### Your task
An exact copy of all the data below is needed, without its pictures.

### Records supplied
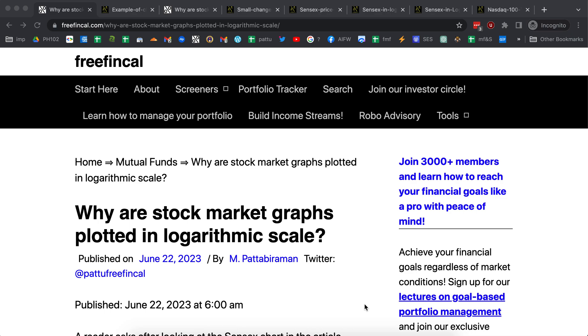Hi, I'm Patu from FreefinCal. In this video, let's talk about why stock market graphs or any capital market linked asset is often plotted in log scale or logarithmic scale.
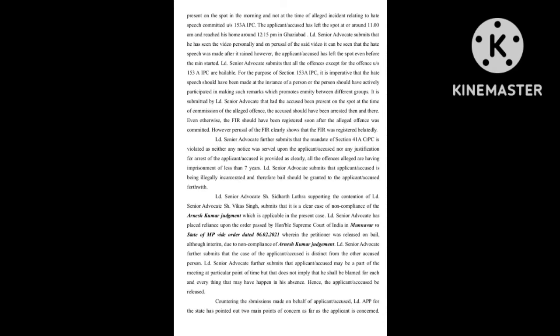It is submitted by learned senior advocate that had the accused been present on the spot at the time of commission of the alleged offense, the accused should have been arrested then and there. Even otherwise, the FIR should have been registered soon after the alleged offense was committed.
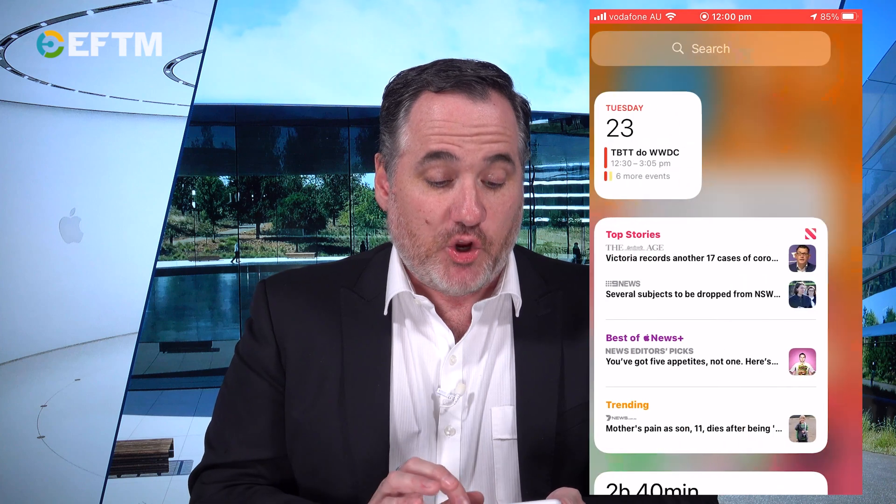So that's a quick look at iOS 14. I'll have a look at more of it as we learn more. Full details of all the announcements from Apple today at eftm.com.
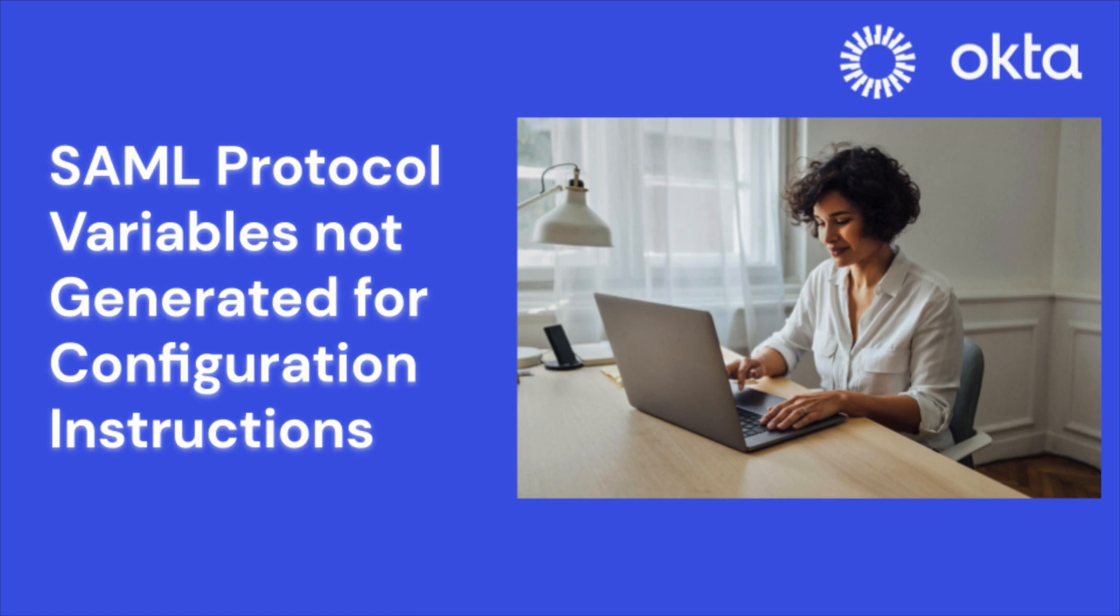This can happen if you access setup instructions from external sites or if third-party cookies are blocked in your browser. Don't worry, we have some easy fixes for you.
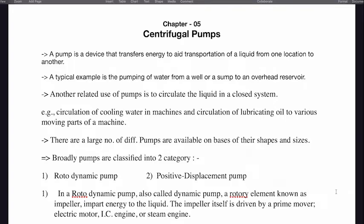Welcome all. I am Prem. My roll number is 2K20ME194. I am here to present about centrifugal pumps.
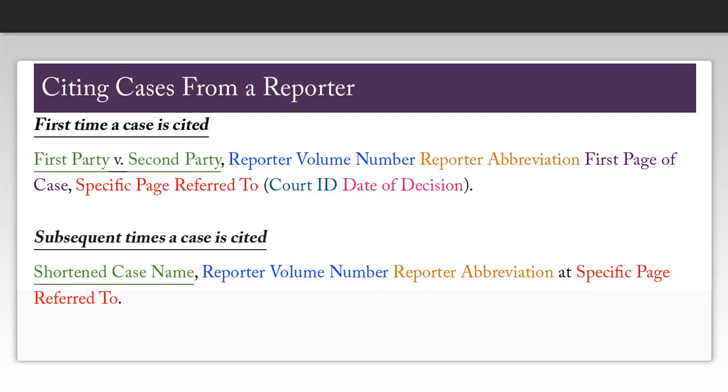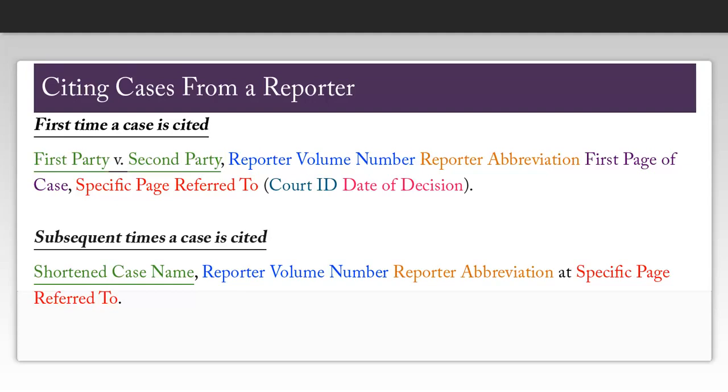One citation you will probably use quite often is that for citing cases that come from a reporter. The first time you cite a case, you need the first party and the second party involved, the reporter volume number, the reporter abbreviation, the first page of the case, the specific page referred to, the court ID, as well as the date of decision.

### Exercise response
Hi, I'm Patu from FreefinCal. In this video, let's talk about why stock market graphs or any capital market linked asset is often plotted in log scale or logarithmic scale.
It is submitted by learned senior advocate that had the accused been present on the spot at the time of commission of the alleged offense, the accused should have been arrested then and there. Even otherwise, the FIR should have been registered soon after the alleged offense was committed.
So that's a quick look at iOS 14. I'll have a look at more of it as we learn more. Full details of all the announcements from Apple today at eftm.com.
This can happen if you access setup instructions from external sites or if third-party cookies are blocked in your browser. Don't worry, we have some easy fixes for you.
Welcome all. I am Prem. My roll number is 2K20ME194. I am here to present about centrifugal pumps.
One citation you will probably use quite often is that for citing cases that come from a reporter. The first time you cite a case, you need the first party and the second party involved, the reporter volume number, the reporter abbreviation, the first page of the case, the specific page referred to, the court ID, as well as the date of decision.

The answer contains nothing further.